> [STUDY MATERIAL]:
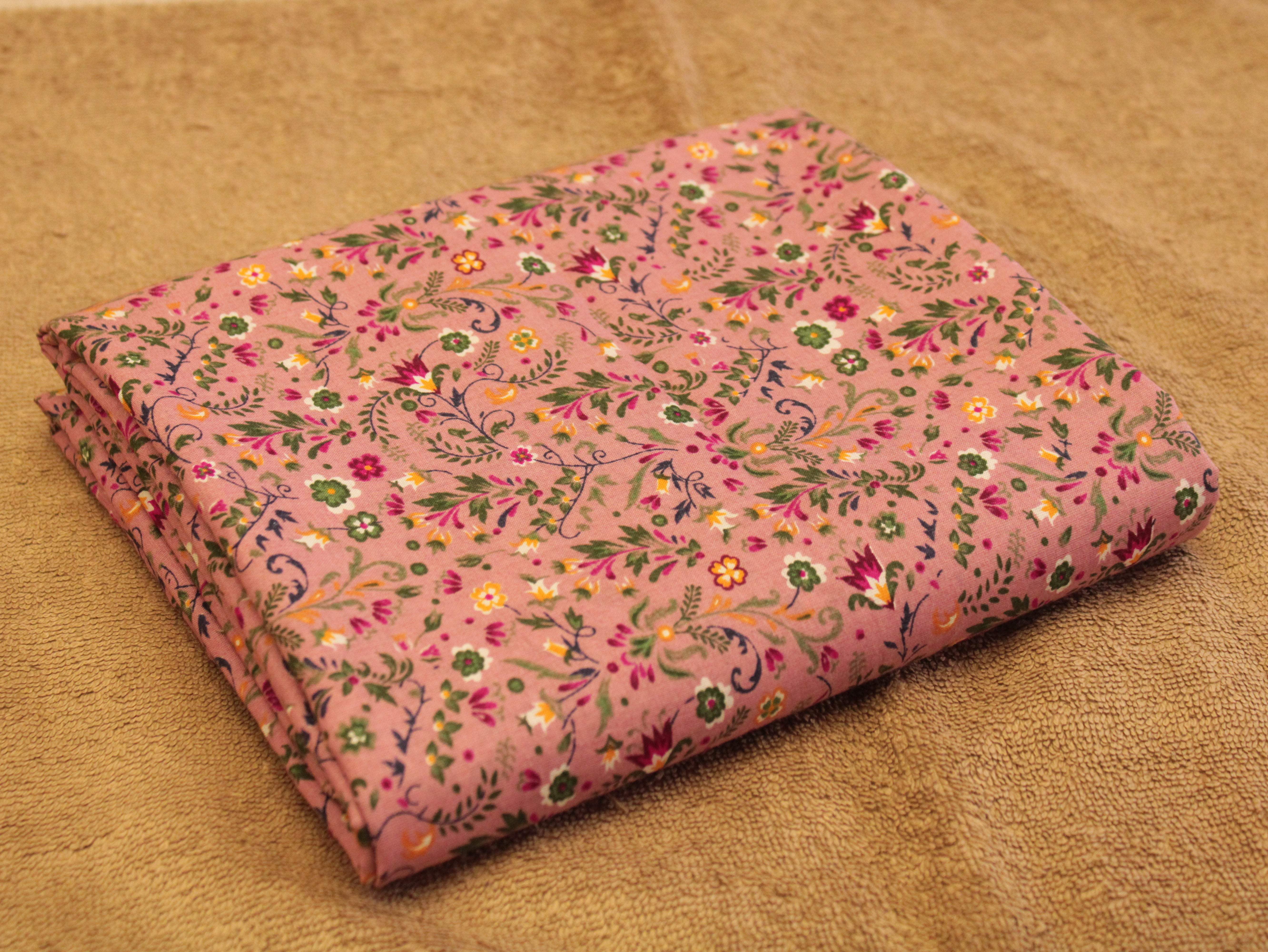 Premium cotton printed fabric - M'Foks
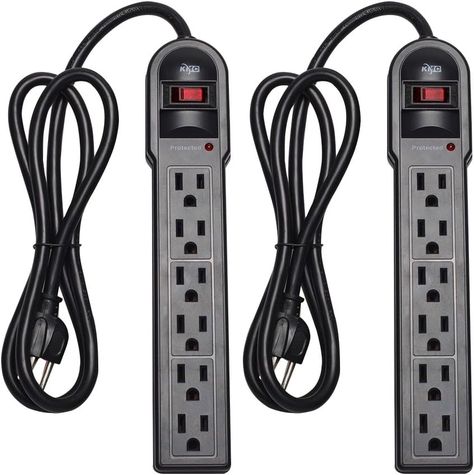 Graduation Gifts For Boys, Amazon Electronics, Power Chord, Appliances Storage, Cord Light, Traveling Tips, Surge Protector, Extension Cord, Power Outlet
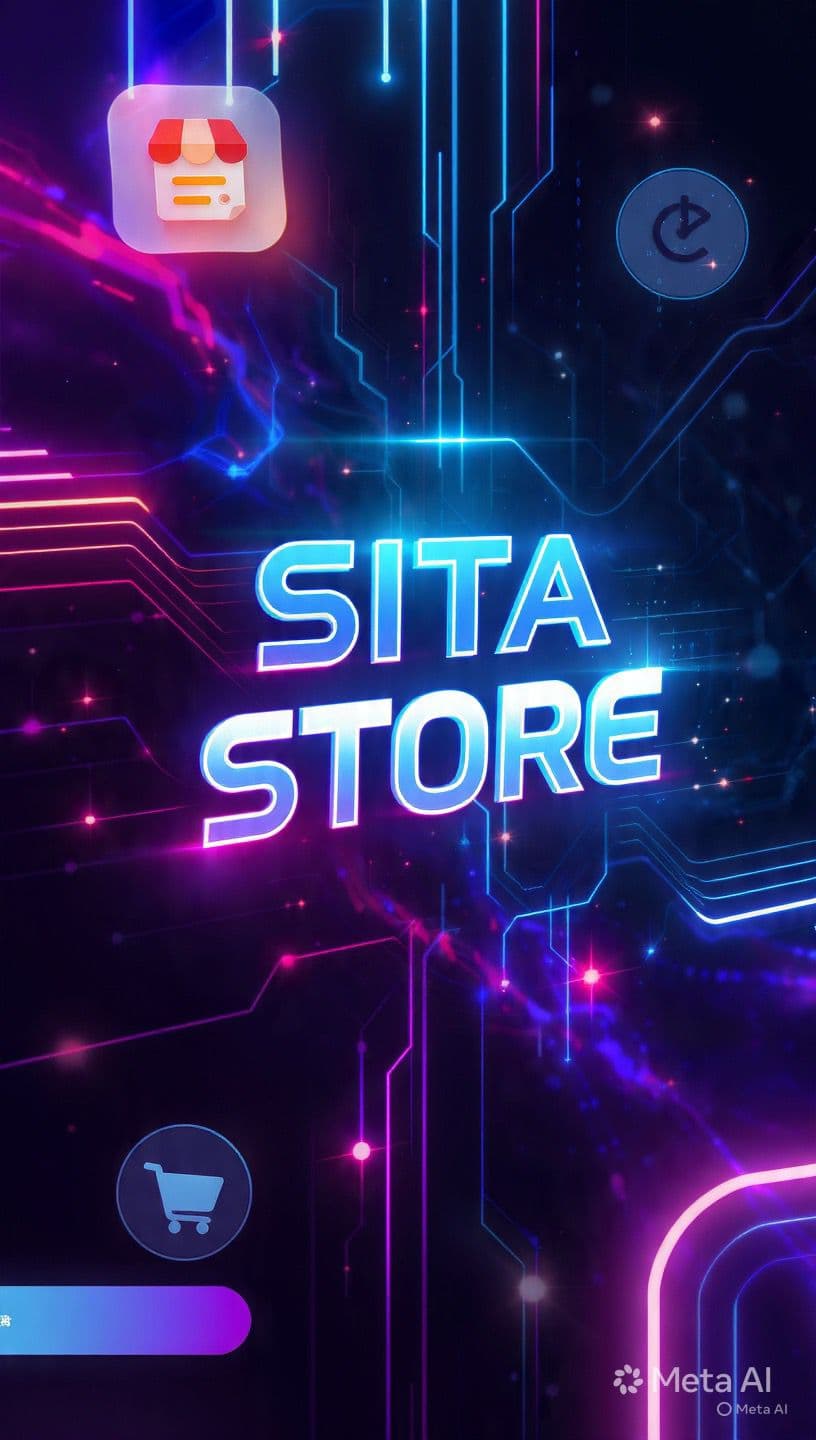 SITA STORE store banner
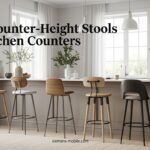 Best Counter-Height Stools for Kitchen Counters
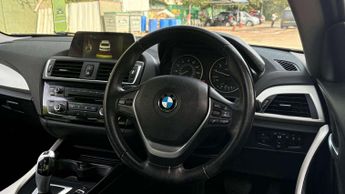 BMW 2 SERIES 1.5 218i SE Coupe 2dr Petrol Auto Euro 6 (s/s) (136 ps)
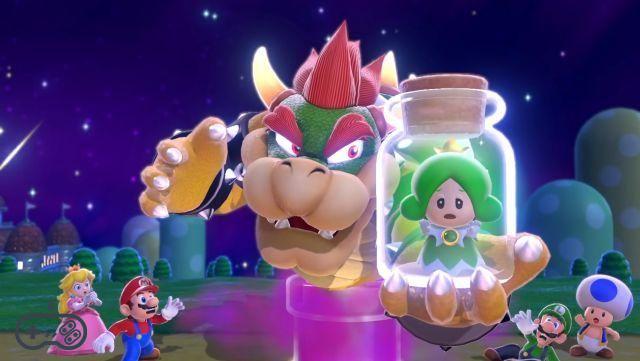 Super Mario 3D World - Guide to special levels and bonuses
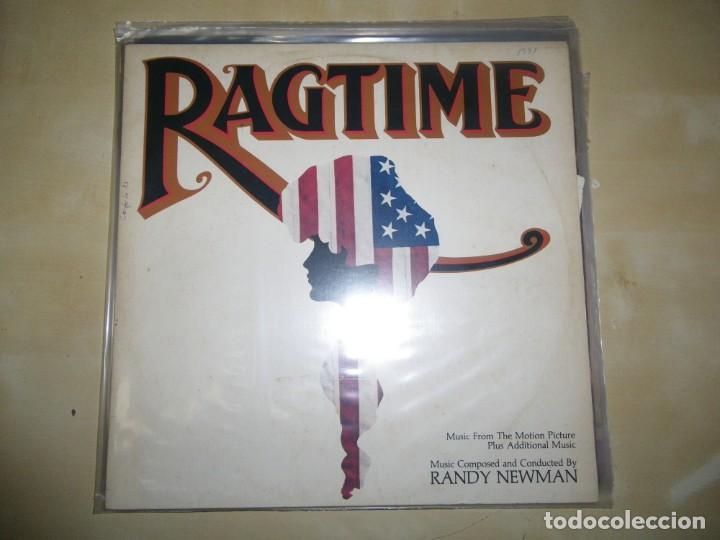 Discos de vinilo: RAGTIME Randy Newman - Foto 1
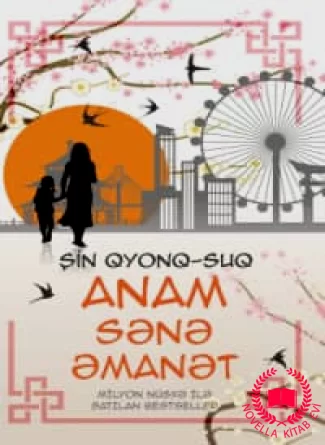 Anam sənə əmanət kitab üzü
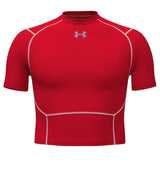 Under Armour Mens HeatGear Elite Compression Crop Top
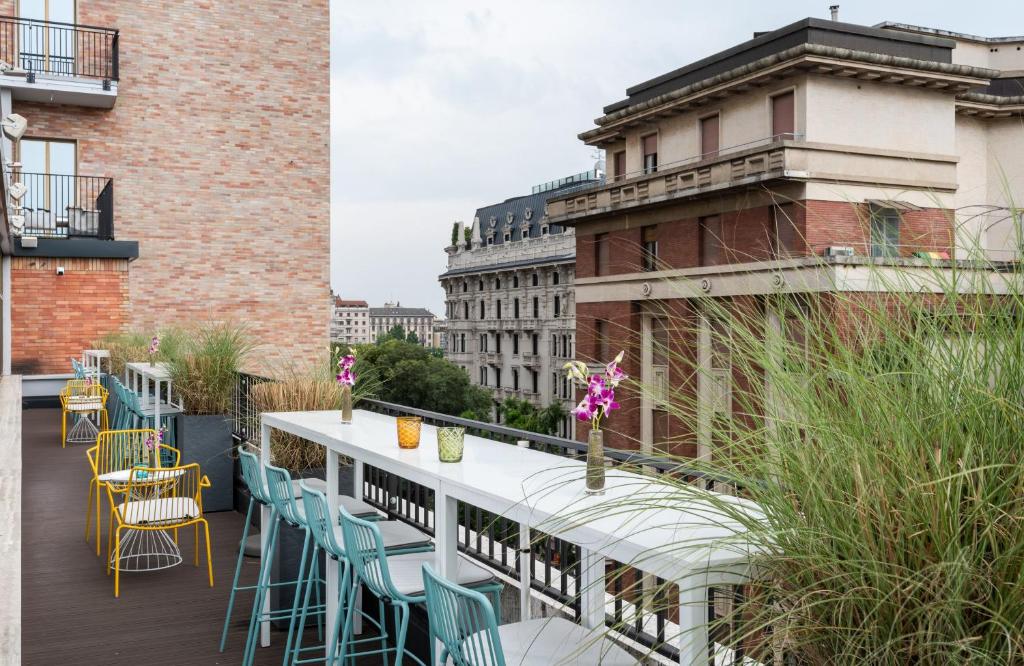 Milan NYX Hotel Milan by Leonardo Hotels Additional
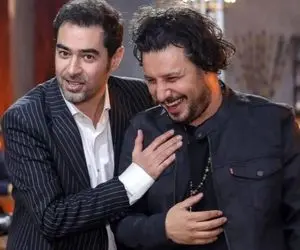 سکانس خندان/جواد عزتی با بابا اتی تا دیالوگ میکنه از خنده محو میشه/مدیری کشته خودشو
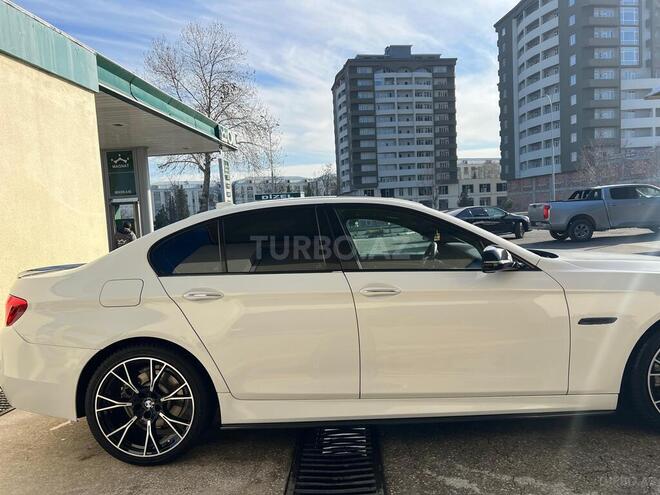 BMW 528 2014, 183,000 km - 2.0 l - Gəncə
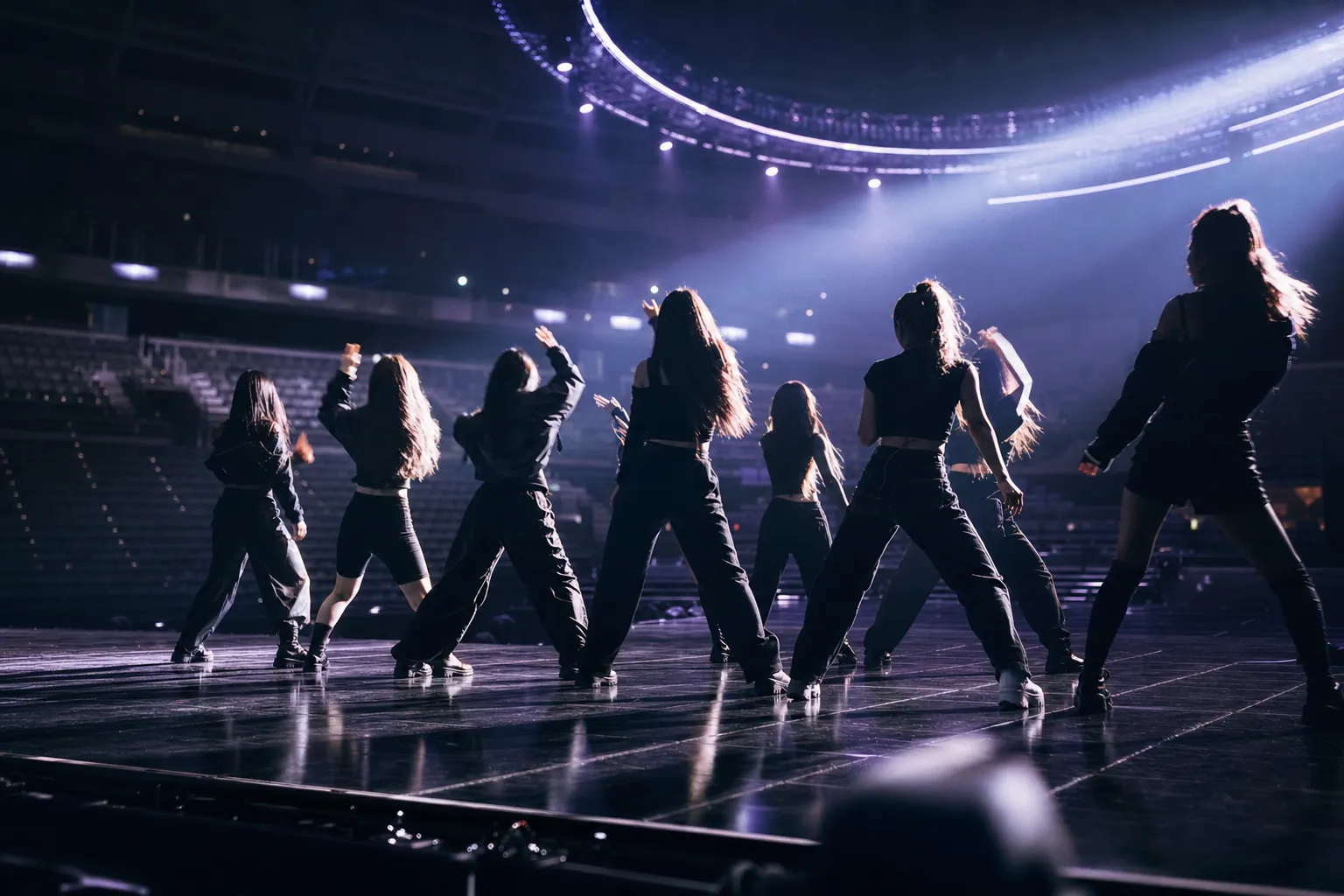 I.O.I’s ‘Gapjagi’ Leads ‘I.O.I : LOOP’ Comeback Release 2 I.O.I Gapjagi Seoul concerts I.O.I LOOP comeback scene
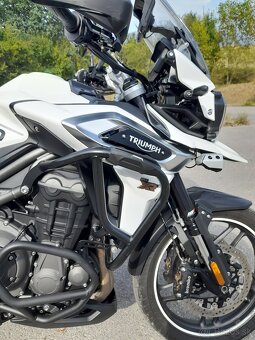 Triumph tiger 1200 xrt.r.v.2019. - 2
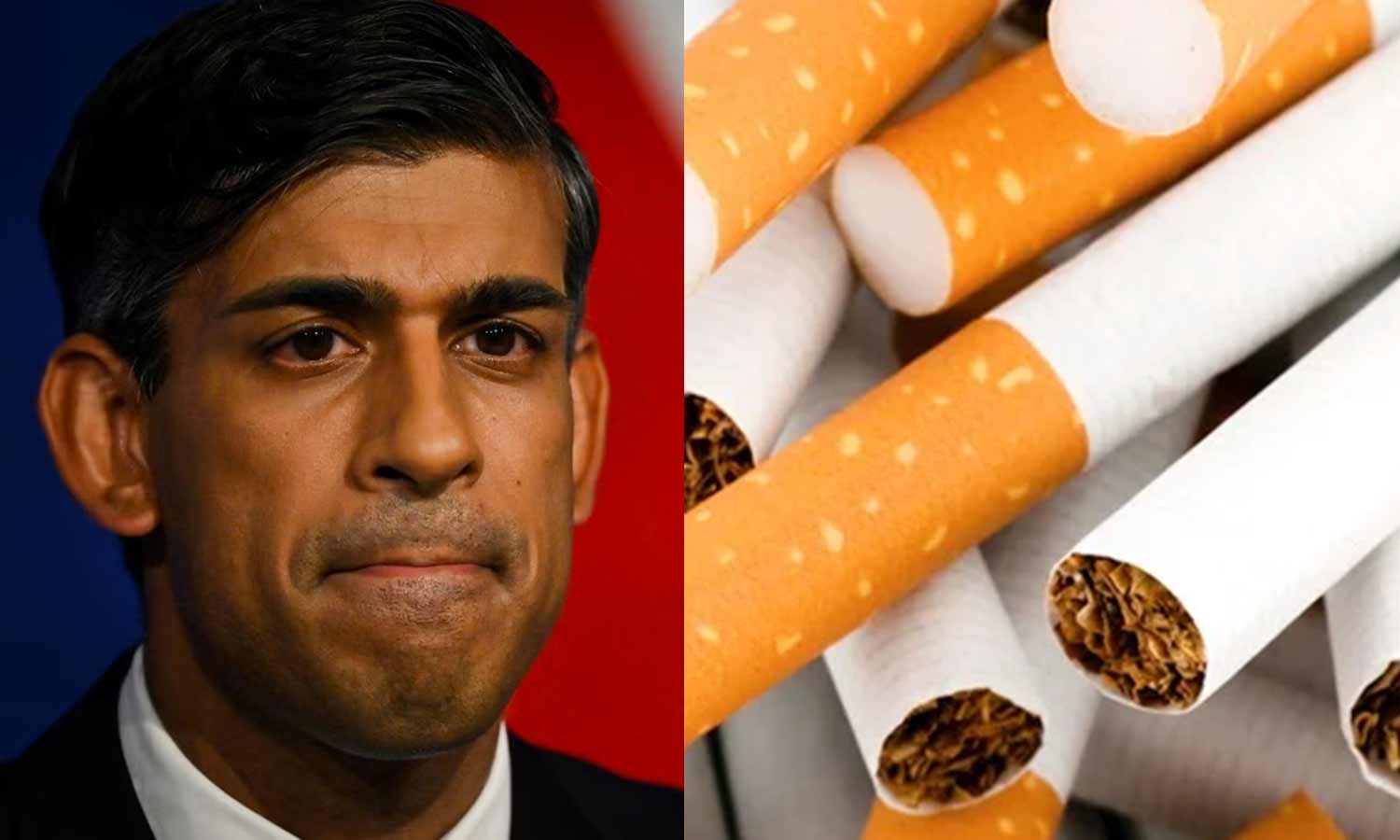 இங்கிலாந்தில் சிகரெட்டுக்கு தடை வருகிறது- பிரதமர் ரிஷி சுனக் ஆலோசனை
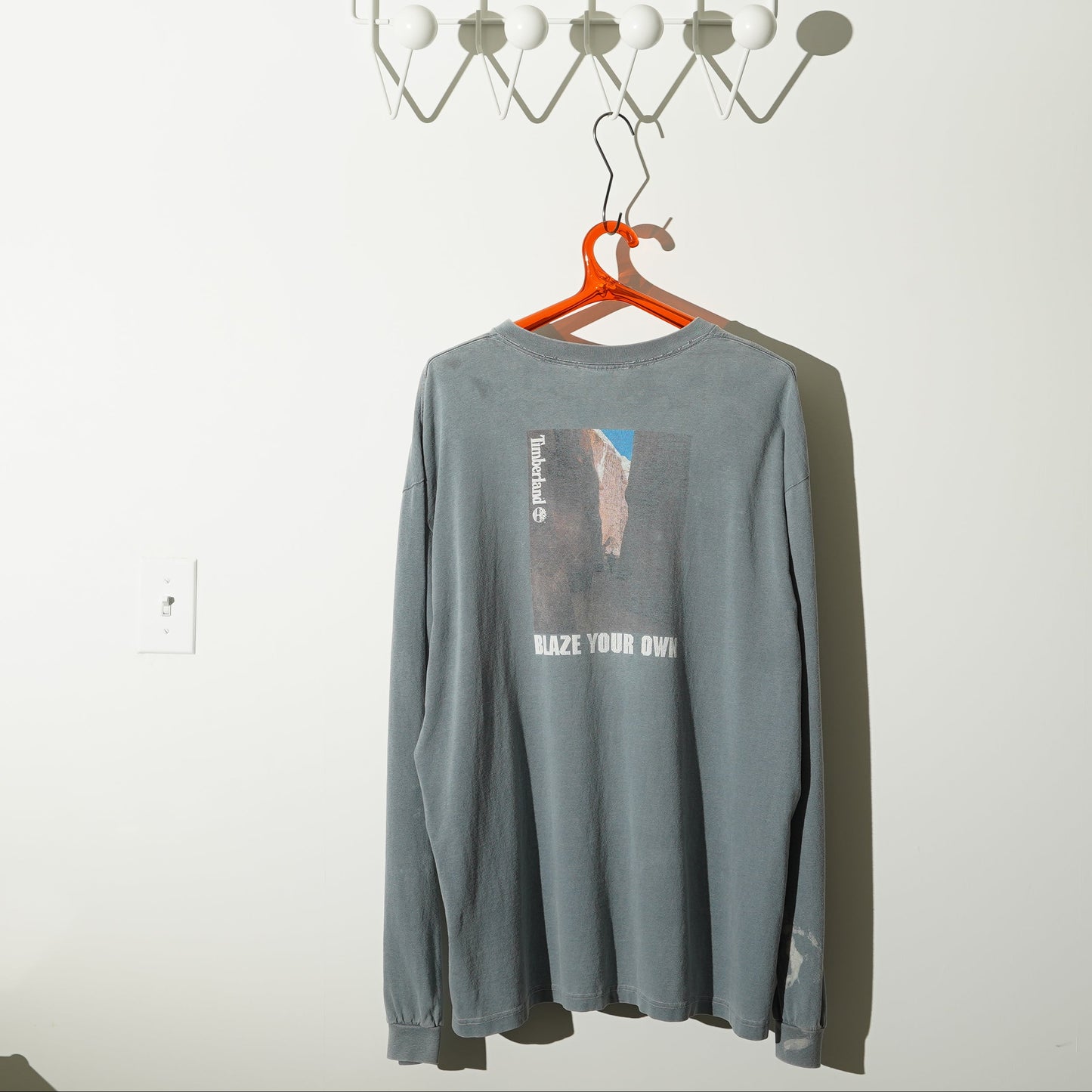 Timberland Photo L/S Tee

> [TASK PROMPT]: Set down the lines from the one containing "سکانس خندان/جواد عزتی" through the last line of the records above, both included, exactly as they appear and with no other text. Pictures should not be set down.

> [TASK RESPONSE]:
 سکانس خندان/جواد عزتی با بابا اتی تا دیالوگ میکنه از خنده محو میشه/مدیری کشته خودشو
 BMW 528 2014, 183,000 km - 2.0 l - Gəncə
 I.O.I’s ‘Gapjagi’ Leads ‘I.O.I : LOOP’ Comeback Release 2 I.O.I Gapjagi Seoul concerts I.O.I LOOP comeback scene
 Triumph tiger 1200 xrt.r.v.2019. - 2
 இங்கிலாந்தில் சிகரெட்டுக்கு தடை வருகிறது- பிரதமர் ரிஷி சுனக் ஆலோசனை
 Timberland Photo L/S Tee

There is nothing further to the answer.